> [What is being asked]:
Pictures stay out of the output. Return exactly the lines below from the one with "Slide: The Image" down to the one with "Picture 2 of 4", both included, and nothing more.

> [Listed entries]:
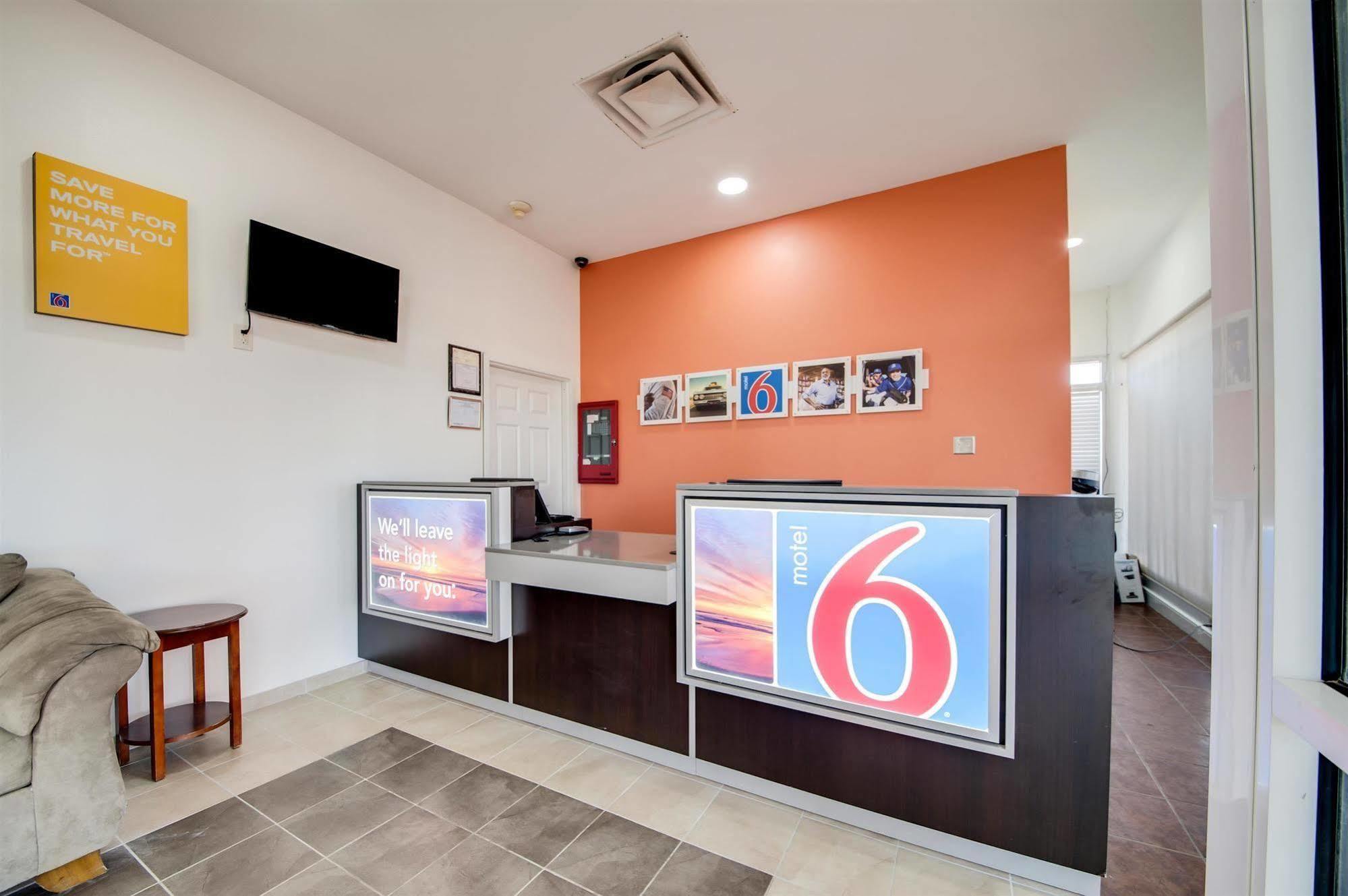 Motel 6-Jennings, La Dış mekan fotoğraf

--

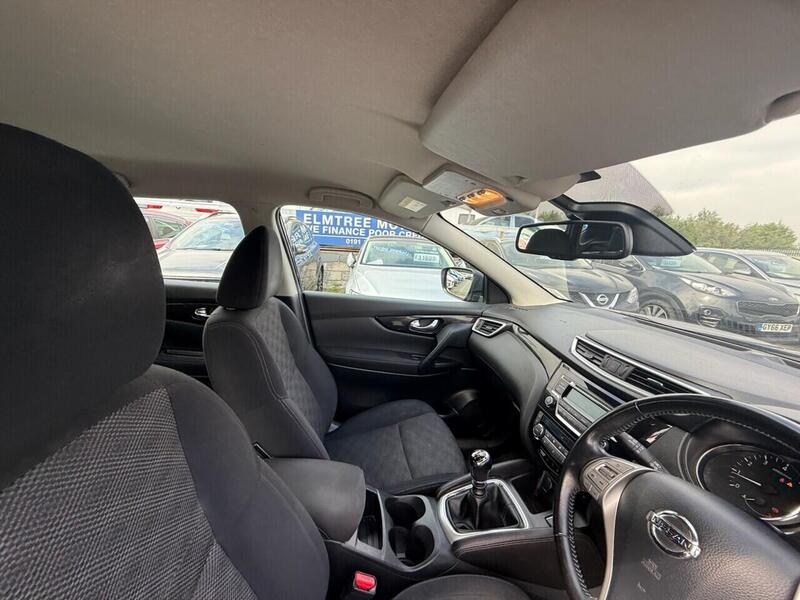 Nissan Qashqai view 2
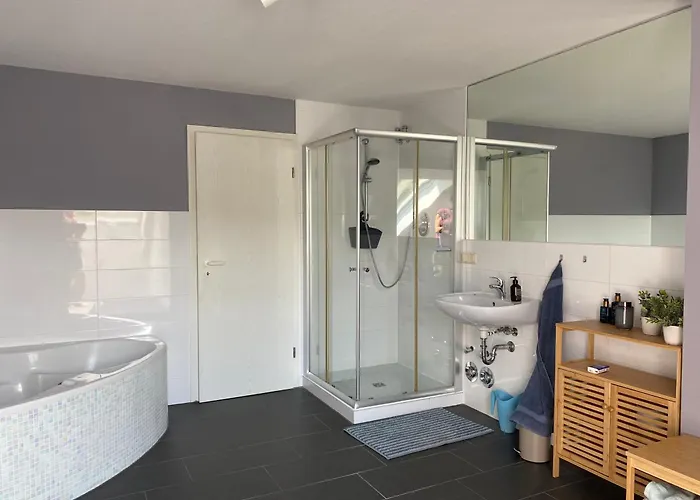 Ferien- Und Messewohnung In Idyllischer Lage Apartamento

* * *

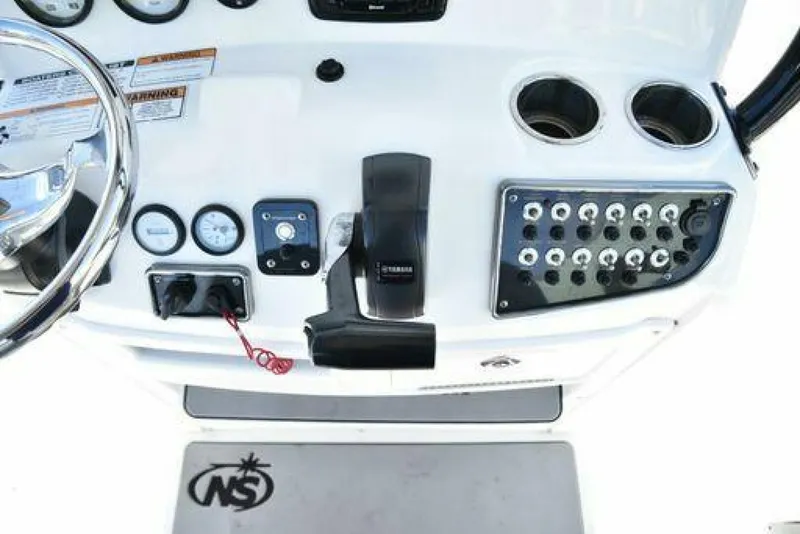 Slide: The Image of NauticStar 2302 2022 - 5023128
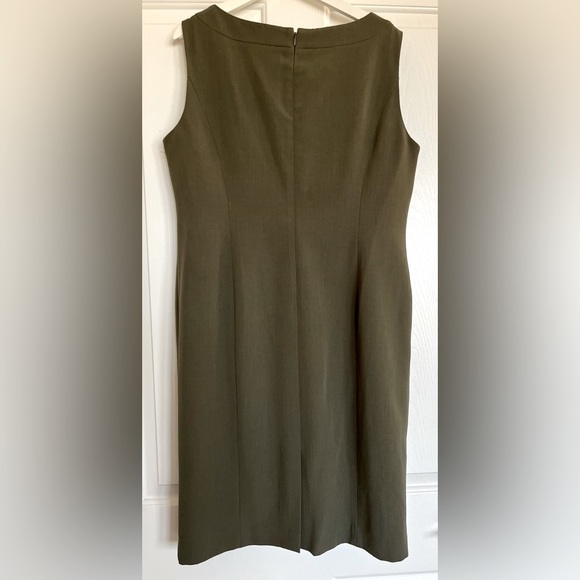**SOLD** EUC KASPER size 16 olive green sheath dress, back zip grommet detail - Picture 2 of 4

> [Exercise solution]:
 Slide: The Image of NauticStar 2302 2022 - 5023128
**SOLD** EUC KASPER size 16 olive green sheath dress, back zip grommet detail - Picture 2 of 4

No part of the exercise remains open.